# Operation Pedestal



## nick olass (Apr 30, 2009)

The wife's father was on the EAGLE when she went down in the Med', luckily he survived. Some years ago there was a TV do***entry called Operation Pedestal which showed the EAGLE being sunk, this really upset the father in law, and understandably he would not talk about it. If you have any information you can share with me, I would be grateful to you. Best Regards, Nick Olass.


----------



## ian d.cameron (Jul 3, 2005)

Hi Nick, there is lot of information about Operation Pedestal; best thing would be to Google. Here a wee taster.
http://news.bbc.co.uk/1/hi/world/europe/2289714.stm
http://members.fortunecity.com/rwbrown1942/Busterssite/id18.html


----------



## peter drake (Jan 16, 2009)

Nick
If you Google HMS Eagle British Aircraft carrier WW11 you will get her full history
Pete


----------



## nick olass (Apr 30, 2009)

Pete,

Thanks for the info, and hello nice to meet you.

Regards Nick


----------



## Klaatu83 (Jan 22, 2009)

There's a book by Michael Pearson called "The Ohio and Malta", of which you might be interested, because it pertains directly to Operation Pedestal. It was a pivotal battle in the Mediterranean campaign and one of the epic naval engagements of World War II. Operation Pedestal was a vitally important convoy, the object of which was to re-supply Malta at a critical juncture and keep that island bastion in the war. The Ohio, which was the only tanker in the convoy, was loaded with aviation fuel for the British aircraft based on the island. The Eagle, which was there to provide air support, was sunk almost at the beginning of the operation. Most of the other ships involved didn't make it through, either. However, through almost super-human efforts on the part of the seamen involved. the Ohio did. Since then the Ohio episode has been a source of great pride both to the Royal Navy and the British Merchant Navy.


----------



## nick olass (Apr 30, 2009)

Hiya Klaatu83,
I'm sorry for the delay in responding to your post, I just could not get on the net. My daughter has promised to buy me the book "The Ohio and Malta" for my next birthday. Have you heard the saying "when the ships were made of wood, the men were made of steel"? I have a new saying, "the ships on Operation Pedestal were made of steel, but the men were made of diamonds". What sheer guts and bravery these lads showed, I salute them, and I hope that what did is not forgotten, but with the attitude of youngsters today I wonder. If any of you guys that read this post had any involvement in Operation Pedestal, I thank you.

nick olass


----------



## Jack Salmon (May 10, 2009)

Hi,
My Dad served on the Rodney, he was involved in Pedestal, taking aircraft to Malta.


----------



## Ivor Lloyd (Jul 18, 2005)

Jack Salmon said:


> Hi,
> My Dad served on the Rodney, he was involved in Pedestal, taking aircraft to Malta.
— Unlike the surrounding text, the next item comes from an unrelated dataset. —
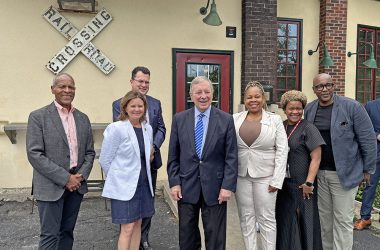 U.S. Sen. Richard Durbin, center, met with a delegation from the Chicago Southland Chamber of Commerce, from left, Vernard Allsberry, Flossmoor Mayor Michelle Nelson, chamber President Paul Donahue, chamber Director Jennel Hooper, Wind Creek Casino representative Cathye Amos, and Marcellus Marsh of Bionic Content. (Marilyn Thomas/H-F Chronicle)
My friend RAF who is now 93 was one of those who flew off the EAGLE for Malta in 1942.
He says that he took passage as passenger on HMS Charybdis to Gibraltar.
The Spitfires which were crated came by Merchant ship and were assemblrd in Gib then taken out by Barge and hoisted aboard the Eagle


----------



## E.Martin (Sep 6, 2008)

nick olass said:


> The wife's father was on the EAGLE when she went down in the Med', luckily he survived. Some years ago there was a TV do***entry called Operation Pedestal which showed the EAGLE being sunk, this really upset the father in law, and understandably he would not talk about it. If you have any information you can share with me, I would be grateful to you. Best Regards, Nick Olass.


Hi Nick, Type in and click on Operation Pedestal to find out about that convoy, 14 ships, 54 naval escorts, 4 cargo ships and the tanker Ohio got through, i can imagine how the crews felt as they were cheered into Malta.
Did read that years ago any surviver of that convoy would be awarded The Freedom of Valetta.


----------



## nick olass (Apr 30, 2009)

A big hello to Jack Salmon, Ivor Lloyd and is it Eddie Martin.
I really thought that this thread had run it's course, but thanks to you lads I'm gathering more info. Ivor, you say your 93 year old mate flew off the Eagle, well the plane he was on could well have been serviced by my father in law, an aircraft mechanic. Eddie I'm trying hard to access the info about the convoy, but I'm still a bit useless with my computer, I'll get it eventually.

All the best Lads Nick Olass


----------



## florian (May 17, 2009)

*Operation Pedestal.*

Operation Pedestal was also known as the Santa Maria Convoy.

The five ships that made it to Malta arrived on the 15th August and that is the feast of Santa Maria in Malta. One of the major feasts which is celebrated in about six localities on Malta and also on the sister Island Gozo.

I was 11 yrs of age and remember that day very well. The whole Island was shaking from end to end when the German bombers came over to finish off the five ships. 

The Maltese still believe that the Saint saved the Island.

One of the bravest efforts by the Royal Navy and the Merchant Navy men.

http://www.usmm.org/malta.html


----------



## nick olass (Apr 30, 2009)

Thank you for this latest info Florian; just when I thought that everything that could be said about Operation Pedestal had been said on this forum, you and other great blokes come up with something new; I'm wondering what next. One day I will go to Malta and try to imagine what it must have been like in those dark days, but like you, I have the highest regard and admiration for the brave lads on the convoy and the people of Malta.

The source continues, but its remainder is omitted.